Panther Card every Pitt student’s pass to free entertainment

Getting around in a big city can be confusing for a lot of students, especially freshmen who are leaving a small town for the first time. Here’s a piece of advice: Keep your student ID (Panther Card) on you at all times — more so than your newly acquired just-for-college credit card, but try not to lose that either. 

Your Panther Card is the key to your survival, as well as entertainment around campus and the city of Pittsburgh in general. Unlike those folks in the real world, you, sir or madam, get to ride the public Port Authority buses for free. All you have to do is present your card to pay for your fare. 

Although Pitt has its own shuttles that move masses of college kids around campus daily, they won’t take you to the North Side to see some Pirates action or to the Strip District to catch that indie band on a Thursday night. Port Authority, although not always as reliable as the Pitt shuttles, is a “free” luxury paid exclusively through your Panther Card.

Free transportation is not the only perk of a Panther Card. With your ID, take the chance to explore Pittsburgh’s art scene.

Pitt students have free admission to Pittsburgh’s top museums, including the Andy Warhol Museum and Carnegie Museums. The Carnegie Museum of Art and Natural History is right in Oakland, with exhibits in just about every subject.

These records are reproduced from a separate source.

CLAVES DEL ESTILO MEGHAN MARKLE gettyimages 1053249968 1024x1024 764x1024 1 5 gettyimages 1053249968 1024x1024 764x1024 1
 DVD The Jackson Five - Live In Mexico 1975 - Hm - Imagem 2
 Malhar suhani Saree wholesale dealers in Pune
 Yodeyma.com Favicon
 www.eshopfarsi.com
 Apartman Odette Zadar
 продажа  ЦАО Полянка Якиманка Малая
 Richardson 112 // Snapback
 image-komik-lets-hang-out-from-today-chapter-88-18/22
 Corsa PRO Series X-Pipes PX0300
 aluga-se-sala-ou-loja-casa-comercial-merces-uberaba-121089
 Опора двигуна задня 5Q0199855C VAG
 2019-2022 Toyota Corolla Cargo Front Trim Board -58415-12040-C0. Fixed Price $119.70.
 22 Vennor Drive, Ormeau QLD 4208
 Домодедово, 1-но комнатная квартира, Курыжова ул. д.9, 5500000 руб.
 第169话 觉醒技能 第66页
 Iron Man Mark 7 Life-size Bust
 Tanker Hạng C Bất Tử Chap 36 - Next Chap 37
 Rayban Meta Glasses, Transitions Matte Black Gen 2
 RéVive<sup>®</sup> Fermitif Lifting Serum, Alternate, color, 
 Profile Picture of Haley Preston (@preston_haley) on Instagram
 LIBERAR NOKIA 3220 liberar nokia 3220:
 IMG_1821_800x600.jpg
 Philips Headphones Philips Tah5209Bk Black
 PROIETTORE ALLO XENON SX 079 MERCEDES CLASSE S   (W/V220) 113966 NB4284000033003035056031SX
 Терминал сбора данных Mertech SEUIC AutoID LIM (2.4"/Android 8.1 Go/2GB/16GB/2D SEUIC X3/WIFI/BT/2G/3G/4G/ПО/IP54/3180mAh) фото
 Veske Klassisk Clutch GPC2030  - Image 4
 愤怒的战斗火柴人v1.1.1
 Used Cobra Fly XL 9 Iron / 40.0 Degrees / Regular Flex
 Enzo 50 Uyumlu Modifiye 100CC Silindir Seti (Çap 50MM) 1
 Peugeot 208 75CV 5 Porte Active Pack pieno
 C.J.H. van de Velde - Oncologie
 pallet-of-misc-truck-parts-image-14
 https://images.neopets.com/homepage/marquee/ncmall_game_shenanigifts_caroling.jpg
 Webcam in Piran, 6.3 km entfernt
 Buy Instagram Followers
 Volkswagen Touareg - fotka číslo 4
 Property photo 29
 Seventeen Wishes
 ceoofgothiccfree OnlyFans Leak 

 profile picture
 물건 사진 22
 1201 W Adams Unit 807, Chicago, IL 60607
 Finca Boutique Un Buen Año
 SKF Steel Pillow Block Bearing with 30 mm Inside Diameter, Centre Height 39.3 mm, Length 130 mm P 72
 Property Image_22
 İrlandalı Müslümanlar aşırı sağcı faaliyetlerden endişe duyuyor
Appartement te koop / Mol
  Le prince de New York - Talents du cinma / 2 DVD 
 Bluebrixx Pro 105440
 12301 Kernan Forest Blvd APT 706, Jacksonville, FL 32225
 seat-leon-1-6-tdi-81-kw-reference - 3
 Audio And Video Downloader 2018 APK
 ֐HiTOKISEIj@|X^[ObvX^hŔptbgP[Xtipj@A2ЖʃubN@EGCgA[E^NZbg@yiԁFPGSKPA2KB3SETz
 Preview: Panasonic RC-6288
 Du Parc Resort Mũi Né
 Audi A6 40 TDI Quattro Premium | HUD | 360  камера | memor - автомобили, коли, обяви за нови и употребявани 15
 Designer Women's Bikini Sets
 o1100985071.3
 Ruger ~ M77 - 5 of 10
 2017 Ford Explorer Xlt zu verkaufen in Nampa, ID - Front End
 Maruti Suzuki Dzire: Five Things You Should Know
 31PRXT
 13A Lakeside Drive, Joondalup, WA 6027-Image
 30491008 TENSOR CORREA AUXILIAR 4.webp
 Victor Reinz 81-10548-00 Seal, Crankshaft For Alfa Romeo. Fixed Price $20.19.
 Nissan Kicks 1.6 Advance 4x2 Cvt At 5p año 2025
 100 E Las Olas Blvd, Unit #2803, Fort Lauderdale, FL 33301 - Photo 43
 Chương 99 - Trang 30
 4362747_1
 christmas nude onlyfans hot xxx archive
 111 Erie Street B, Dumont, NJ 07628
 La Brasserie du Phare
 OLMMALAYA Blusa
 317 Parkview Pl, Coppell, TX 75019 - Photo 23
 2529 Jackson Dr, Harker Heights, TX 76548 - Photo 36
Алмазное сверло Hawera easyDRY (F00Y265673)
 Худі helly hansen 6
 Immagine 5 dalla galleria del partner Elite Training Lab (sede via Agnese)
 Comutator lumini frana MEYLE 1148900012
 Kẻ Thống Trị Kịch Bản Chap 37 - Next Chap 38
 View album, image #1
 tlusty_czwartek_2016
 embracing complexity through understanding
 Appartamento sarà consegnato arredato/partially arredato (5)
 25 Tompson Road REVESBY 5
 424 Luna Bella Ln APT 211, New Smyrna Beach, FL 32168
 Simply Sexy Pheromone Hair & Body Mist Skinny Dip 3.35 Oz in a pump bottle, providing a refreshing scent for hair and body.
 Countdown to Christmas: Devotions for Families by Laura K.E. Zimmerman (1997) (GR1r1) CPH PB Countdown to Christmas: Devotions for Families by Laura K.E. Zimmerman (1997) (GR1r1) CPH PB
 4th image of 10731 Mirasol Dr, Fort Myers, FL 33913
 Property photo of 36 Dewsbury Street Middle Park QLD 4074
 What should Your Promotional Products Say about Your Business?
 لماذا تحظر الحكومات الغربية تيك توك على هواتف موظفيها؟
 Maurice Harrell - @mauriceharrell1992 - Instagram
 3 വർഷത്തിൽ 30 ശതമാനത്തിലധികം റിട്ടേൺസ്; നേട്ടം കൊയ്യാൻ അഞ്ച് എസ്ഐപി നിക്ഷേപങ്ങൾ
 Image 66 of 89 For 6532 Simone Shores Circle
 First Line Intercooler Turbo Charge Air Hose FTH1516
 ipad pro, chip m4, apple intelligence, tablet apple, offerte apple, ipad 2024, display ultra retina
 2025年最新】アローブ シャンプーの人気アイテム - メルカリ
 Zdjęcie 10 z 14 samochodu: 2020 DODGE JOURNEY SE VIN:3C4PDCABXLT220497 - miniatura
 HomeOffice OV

The Warhol is on the North Shore (Remember that Port Authority thing?) and draws tourists and Warhol admirers alike from all over the country — and it’s available to Pitt students for free.

Pitt Arts is a program exclusively available to Pitt students who attend cultural events such as concerts and art exhibits. Not all of the Pitt Arts events are free, but ticket prices are often considerably reduced for students.

Students also receive free entry into the immensely popular Phipps Conservatory, also located in Oakland, just a stroll around the block toward Schenley Park. Phipps is home to numerous botanical exhibits with the world’s most vibrant plants on display. If your professors aren’t kind enough to take a class field trip there, you should take advantage of your new privileges as a Pitt student and go yourself. 

Your Panther Card brings many affordable (ahem, free) options during weekends or syllabus week, when your workload hasn’t caused you to lose any sleep yet and you’re still wondering what there is to do around the ‘Burgh. If you lose it, you can always pick up a new one at Panther Central. The first two replacements are free, but any after that cost $20 — not a bad price for the finest cultural happenings in the city.